La controversia judicial en torno a los bienes de la ex presidenta Cristina Fernández de Kirchner y sus hijos ha entrado en una fase crucial. La Cámara Federal de Casación Penal se prepara para resolver los recursos interpuestos contra una primera orden que ordena el decomiso de 111 propiedades, que incluyen 19 inmuebles en Santa Cruz a nombre de Máximo y Florencia Kirchner, así como los bienes de Lázaro Báez, condenado en la misma causa.
A su vez, el tribunal que llevó a cabo el juicio en la causa Vialidad ha impuesto nuevas medidas de prueba antes de pronunciarse sobre una solicitud adicional de los fiscales Diego Luciani y Sergio Mola, que busca sumar más bienes y contempla la incautación de casi cinco millones de dólares. Este caso se encuentra en la fase de ejecución de la sentencia que resultó en la condena de la ex mandataria y otros implicados por irregularidades en la adjudicación del 80% de la obra pública vial nacional en Santa Cruz entre 2003 y 2015 a empresas vinculadas a Báez.

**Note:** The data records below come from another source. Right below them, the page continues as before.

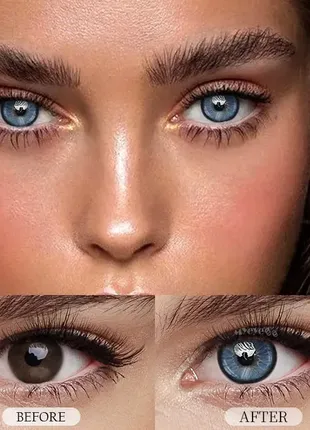Цветные контактные линзы для глаз голубые без диоптрий + контейнер3 фото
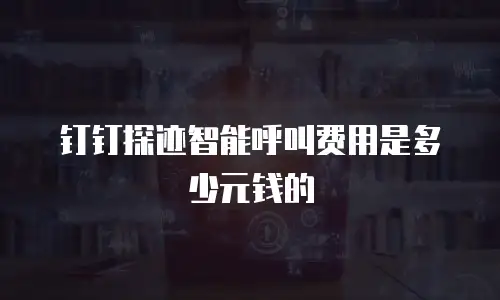 钉钉探迹智能呼叫费用是多少元钱的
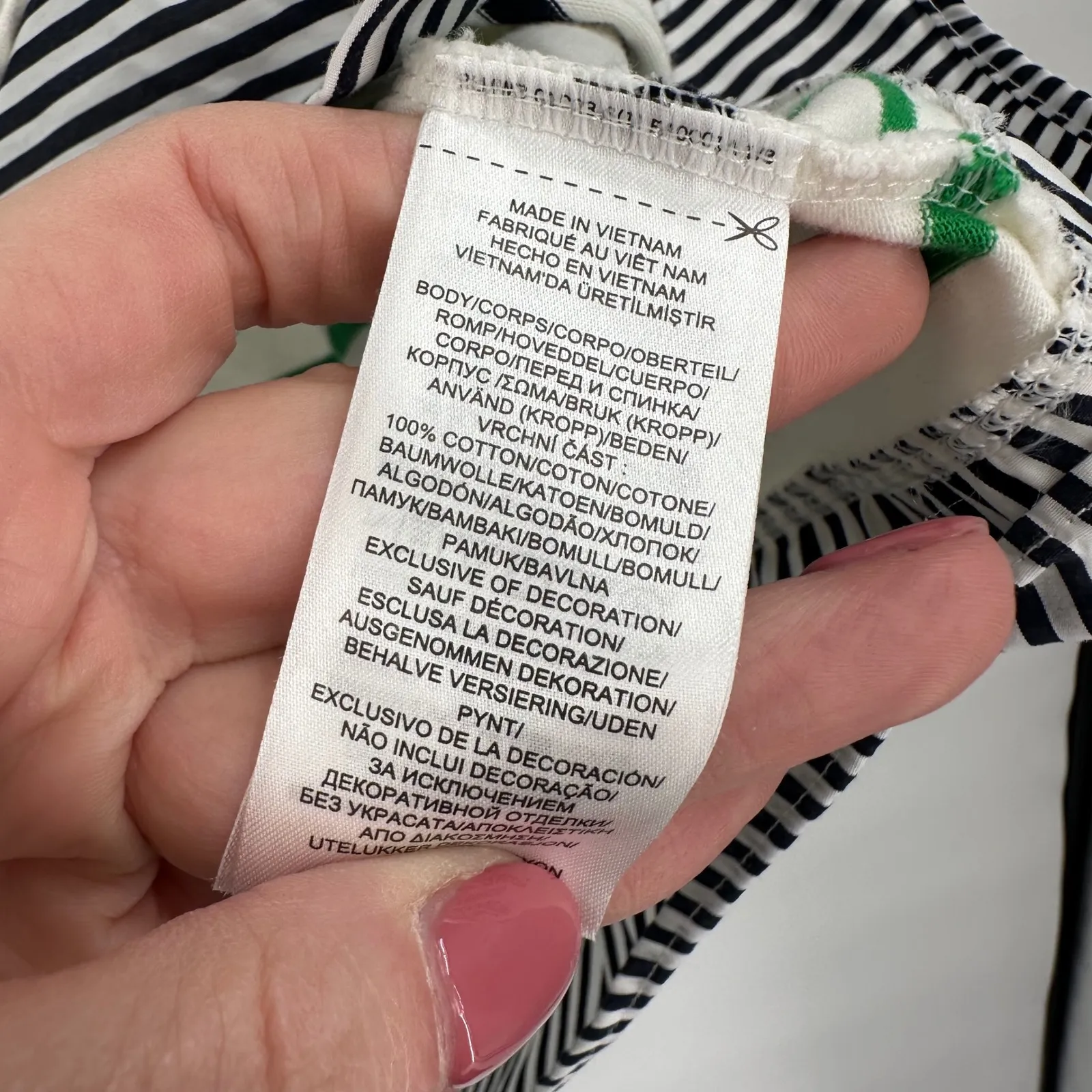 Lauren Ralph Lauren Size 2X‎ Top White Green Navy Striped 3/4 Sleeve Crown Logo - Image 5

El Tribunal Oral en lo Criminal Federal 2 había ordenado un decomiso millonario, cuyo monto actualizado supera los $684.990.350.139,86. La defensa de Cristina Kirchner ha cuestionado fuertemente la resolución, argumentando que avanzar sobre estas propiedades sería arbitrario y violaría principios constitucionales. Además, sostiene que no hay sentencia firme que justifique el decomiso de bienes que pertenecen legítimamente a sus hijos, lo que podría transformar el decomiso en un mecanismo de confiscación prohibido por la Constitución.